Saved entries
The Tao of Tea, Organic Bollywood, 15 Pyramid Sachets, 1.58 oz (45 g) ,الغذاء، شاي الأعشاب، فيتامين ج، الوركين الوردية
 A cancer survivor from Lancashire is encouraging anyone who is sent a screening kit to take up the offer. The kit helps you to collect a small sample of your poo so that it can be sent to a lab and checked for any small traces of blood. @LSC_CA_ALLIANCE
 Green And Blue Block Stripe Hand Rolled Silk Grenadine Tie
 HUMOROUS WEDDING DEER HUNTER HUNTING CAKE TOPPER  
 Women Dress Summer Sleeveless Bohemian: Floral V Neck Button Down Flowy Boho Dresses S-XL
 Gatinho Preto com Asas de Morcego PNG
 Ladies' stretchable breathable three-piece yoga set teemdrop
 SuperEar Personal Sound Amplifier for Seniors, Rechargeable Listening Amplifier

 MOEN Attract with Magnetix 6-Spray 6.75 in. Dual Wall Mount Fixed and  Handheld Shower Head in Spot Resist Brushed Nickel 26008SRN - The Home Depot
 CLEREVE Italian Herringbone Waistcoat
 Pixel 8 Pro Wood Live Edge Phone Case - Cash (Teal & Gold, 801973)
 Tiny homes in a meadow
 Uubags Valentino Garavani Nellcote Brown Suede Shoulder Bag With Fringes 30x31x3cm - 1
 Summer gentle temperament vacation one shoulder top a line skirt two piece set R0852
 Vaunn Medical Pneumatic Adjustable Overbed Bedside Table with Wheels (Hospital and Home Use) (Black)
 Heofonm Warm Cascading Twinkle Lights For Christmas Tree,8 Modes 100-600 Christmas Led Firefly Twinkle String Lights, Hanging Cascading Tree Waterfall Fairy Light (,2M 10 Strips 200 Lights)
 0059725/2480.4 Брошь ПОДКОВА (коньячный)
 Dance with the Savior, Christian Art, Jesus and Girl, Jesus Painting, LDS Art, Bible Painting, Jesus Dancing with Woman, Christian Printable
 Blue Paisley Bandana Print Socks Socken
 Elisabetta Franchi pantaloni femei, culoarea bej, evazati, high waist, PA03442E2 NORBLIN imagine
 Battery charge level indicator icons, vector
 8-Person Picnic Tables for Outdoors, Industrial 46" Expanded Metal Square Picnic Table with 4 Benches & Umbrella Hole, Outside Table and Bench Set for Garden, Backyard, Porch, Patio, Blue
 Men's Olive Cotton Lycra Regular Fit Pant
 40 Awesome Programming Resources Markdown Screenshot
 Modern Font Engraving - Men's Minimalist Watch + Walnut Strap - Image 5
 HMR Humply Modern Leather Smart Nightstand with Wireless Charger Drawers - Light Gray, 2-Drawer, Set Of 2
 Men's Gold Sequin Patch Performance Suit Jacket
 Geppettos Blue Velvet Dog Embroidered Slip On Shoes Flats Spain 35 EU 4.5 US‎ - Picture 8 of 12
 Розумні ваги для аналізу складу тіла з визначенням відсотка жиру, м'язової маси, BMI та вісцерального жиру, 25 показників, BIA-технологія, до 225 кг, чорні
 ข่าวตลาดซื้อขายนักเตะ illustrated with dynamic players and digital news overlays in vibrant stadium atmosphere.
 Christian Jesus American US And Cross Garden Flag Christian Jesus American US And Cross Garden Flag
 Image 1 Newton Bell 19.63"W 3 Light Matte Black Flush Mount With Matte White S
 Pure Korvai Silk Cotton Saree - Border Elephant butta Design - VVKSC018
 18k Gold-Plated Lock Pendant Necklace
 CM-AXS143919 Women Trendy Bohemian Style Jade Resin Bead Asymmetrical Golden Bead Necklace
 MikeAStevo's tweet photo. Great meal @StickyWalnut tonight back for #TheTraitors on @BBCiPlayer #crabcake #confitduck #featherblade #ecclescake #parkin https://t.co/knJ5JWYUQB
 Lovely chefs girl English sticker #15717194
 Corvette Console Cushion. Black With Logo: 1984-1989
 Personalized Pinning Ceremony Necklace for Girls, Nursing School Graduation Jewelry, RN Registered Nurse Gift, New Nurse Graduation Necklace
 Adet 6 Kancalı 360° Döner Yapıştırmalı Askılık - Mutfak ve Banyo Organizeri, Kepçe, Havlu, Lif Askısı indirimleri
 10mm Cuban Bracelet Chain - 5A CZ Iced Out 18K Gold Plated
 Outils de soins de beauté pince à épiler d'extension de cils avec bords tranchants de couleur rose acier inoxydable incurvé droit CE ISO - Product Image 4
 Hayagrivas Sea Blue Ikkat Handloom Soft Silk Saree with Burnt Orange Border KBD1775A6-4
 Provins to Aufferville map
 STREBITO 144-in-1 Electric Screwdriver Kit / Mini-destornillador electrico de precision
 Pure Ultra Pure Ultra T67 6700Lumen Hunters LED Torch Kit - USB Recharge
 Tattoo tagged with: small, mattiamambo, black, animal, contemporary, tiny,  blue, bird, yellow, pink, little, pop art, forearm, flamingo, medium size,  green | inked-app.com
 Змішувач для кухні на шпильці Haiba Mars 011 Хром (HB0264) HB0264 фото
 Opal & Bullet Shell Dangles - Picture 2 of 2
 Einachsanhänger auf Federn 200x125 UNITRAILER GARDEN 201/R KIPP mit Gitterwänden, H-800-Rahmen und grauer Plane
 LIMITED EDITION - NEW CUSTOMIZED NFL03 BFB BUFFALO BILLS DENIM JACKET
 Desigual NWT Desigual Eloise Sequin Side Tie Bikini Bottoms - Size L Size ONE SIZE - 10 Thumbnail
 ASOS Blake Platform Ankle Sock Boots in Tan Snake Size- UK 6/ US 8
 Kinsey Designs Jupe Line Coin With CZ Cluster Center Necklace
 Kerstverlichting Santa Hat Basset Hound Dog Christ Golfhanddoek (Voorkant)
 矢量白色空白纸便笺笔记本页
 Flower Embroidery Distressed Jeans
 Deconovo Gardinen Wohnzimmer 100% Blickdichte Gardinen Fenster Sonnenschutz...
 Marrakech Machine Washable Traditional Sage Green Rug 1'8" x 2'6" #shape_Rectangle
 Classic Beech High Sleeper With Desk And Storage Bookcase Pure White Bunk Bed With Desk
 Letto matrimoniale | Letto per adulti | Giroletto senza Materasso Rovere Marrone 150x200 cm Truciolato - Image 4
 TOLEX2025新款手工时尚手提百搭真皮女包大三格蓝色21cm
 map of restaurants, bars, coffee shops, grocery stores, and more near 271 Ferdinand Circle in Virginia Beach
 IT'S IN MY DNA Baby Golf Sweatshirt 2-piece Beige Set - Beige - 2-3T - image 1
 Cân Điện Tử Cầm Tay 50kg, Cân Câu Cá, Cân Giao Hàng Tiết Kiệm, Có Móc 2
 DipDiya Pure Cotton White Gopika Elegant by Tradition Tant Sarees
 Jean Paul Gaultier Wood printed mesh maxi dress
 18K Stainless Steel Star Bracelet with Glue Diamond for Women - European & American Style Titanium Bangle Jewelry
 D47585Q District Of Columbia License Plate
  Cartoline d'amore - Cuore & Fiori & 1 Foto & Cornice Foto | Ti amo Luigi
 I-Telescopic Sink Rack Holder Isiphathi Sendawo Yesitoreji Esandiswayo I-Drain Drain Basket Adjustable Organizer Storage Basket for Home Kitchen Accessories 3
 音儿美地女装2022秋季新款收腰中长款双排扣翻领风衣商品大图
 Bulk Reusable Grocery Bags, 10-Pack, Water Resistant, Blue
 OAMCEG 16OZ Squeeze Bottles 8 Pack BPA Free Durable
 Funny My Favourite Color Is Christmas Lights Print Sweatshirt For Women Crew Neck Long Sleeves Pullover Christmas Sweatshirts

## [TASK]
With the first line being the one containing "Uubags Valentino Garavani" and the last line the one containing "Vaunn Medical Pneumatic", transcribe exactly the lines above that fall in that range.

## [YOUR SOLUTION]
 Uubags Valentino Garavani Nellcote Brown Suede Shoulder Bag With Fringes 30x31x3cm - 1
 Summer gentle temperament vacation one shoulder top a line skirt two piece set R0852
 Vaunn Medical Pneumatic Adjustable Overbed Bedside Table with Wheels (Hospital and Home Use) (Black)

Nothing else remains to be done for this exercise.